Winning is great, but in these parts entertaining is still good enough.
Last week's brouhaha was over whether Joe Ricketts, the conservative patriarch of TD Ameritrade and the family that owns the Cubs, was really planning to finance a nasty political attack campaign against President Barack Obama -- and whether that would make it harder for the Cubs to gain concessions to modify Wrigley Field from the city's staunchly Democratic mayor, Rahm Emanuel, and the city council.
The week before that, it was the nostalgia kicked up by the retirement of one-time pitching phenom Kerry Wood and an essay in The Wall Street Journal calling for the destruction of Wrigley Field, suggesting the aging shrine was actually the reason for all that losing:
"Destroy it. Annihilate it. Collapse it with the sort of charges that put the Sands Hotel out of its misery in Vegas. Implosion or explosion, get rid of it. That pile of quaintness has to go. ... When a house is haunted, you don't put in a new scoreboard, add ivy, get better food or bigger beers-you move!"

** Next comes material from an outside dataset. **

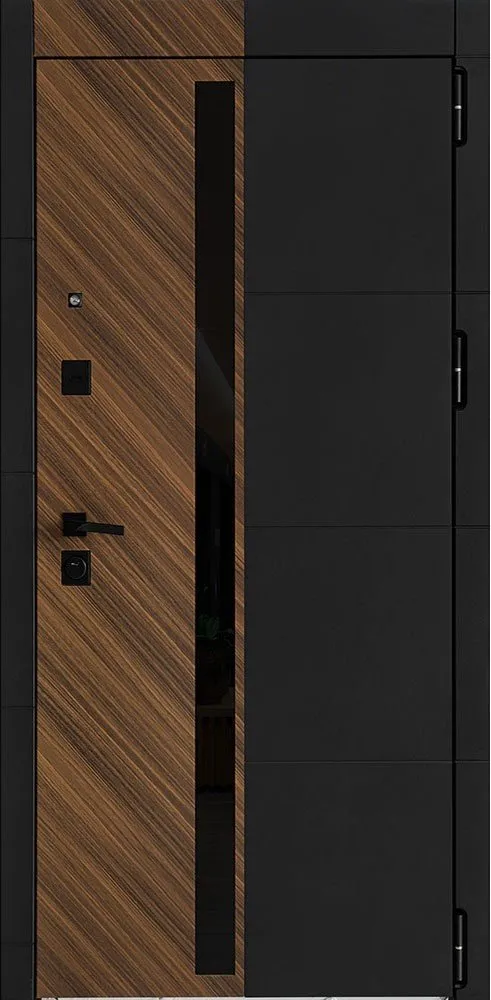 Товар Дверь М 275 DIS007325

Sounding more like a fan than the Cubs left-fielder, Alfonso Soriano considered the option for the briefest of moments.
"Leave this place? No, never," he said after going 3 for 4 with a homer and three RBIs. "You saw how much it was jumping when we got it going. Let's see what can happen now. We just had some tough moments before."
Which is, give or take a few years, is how the Cubs still refer to the last century.